Tesla (TSLA) is a victim of its own success, as buyers of its acclaimed electric cars may soon unhappily discover.
The automaker is nearing a milestone level of sales that will result in the loss of a $7,500 federal tax credit aimed at encouraging Americans to buy electric cars. That will raise the cost of Tesla’s vehicles for motorists, and potentially hurt the company as it competes with other electric car makers, analysts say.
The credit, which phases out in steps after any manufacturer sells 200,000 electric, hybrid and plug-in hybrid cars, was originally enacted in 2008 to boost sales of non-polluting electric vehicles. When Congress extended the credits in 2009, it added the sales threshold. The argument was that if electric car sales grew too fast, the tax credits could swell the federal deficit.
Morgan Stanley (MS) analyst Adam Jonas predicts that Tesla will hit the 200,000 sales mark by the middle of this year. European competitors like BMW, Volkswagen and Volvo have all announced plans to sell more electric cars in the U.S., but so far have sold very few. As a result, they have much more room to keep offering the tax credit, which could makes their vehicles more attractive to buyers.
Losing the tax credit could come as a rude surprise for consumers who have ordered Tesla’s recently introduced Model 3 and are on a wait-list to get the car. An estimated 225,000 Model 3s, which is aimed at taking Tesla’s cars mainstream, are on that list.
Analyst Jeremy Acevedo of Edmunds.com believes that vanishing tax breaks will lead to canceled orders. “The introduction of the Model 3 marks the first time Tesla ever targeted more price-sensitive buyers,” he said.
Affluent buyers have been paying an average of close to $100,000 with typical options for the Tesla Model S sedan and the Model X SUV.
Meanwhile, Tesla needs to prove to investors that it can manufacture 5,000 Model 3s a week by June. If it can’t hit that target, the company could have trouble raising further capital.
Model 3 prices nominally begin at $35,000. But the average Model 3 produced since last year has been selling for about $50,000 in the long-range version, with a distance between charges of 310 miles.
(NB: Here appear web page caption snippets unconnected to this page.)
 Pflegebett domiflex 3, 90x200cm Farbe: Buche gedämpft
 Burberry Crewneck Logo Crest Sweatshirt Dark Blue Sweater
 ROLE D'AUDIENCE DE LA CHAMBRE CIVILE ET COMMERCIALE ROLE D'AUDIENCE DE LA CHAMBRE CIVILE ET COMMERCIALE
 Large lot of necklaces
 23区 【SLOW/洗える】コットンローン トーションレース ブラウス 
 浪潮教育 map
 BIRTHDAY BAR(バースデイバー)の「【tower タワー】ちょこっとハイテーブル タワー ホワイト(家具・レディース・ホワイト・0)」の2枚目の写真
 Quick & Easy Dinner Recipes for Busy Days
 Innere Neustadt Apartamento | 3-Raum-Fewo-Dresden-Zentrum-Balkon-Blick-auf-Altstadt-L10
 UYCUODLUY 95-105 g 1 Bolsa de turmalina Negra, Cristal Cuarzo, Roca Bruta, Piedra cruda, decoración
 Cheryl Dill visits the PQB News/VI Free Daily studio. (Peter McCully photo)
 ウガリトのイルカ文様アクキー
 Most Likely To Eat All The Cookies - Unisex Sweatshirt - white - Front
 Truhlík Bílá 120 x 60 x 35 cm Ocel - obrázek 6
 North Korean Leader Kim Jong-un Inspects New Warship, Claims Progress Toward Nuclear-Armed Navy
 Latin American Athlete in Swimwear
The $35,000 version, with a smaller battery and less range, is not available yet because Tesla has yet to produce the smaller battery.
Price-sensitive buyers who are on the wait-list to buy the Model 3 could consider other electric cars, such as the Chevrolet Bolt or redesigned Nissan Leaf. The Leaf starts at $30,000 and likely will remain eligible for the $7,500 tax credit this year. The Hyundai Ionic electric starts at just over $30,000 and has plenty of sales room before losing the credit.
European luxury brands are also stepping up the pressure on Tesla in the U.S. Given their lower sales, BMW’s sporty, high-performance i8 hybrid and its all-electric i3 are all but certain to remain eligible for the tax credit.
Tesla did not respond to a request for comment on Model 3 orders and the expiring tax cuts. But company CEO Elon Musk has complained publicly that the sales cap for U.S. tax credits for electric vehicles are unfairly structured. He notes that many European countries provide far greater subsidies for electric vehicles.
Congress could eliminate the sales limit for tax incentives to buy electrics, but that’s unlikely. The Trump administration has opposed most clean-energy subsidies.
So if you’re considering an electric car, be sure to research the tax credit situation thoroughly before you start shopping (Edumds.com offers a list of vehicles that qualify for tax credits).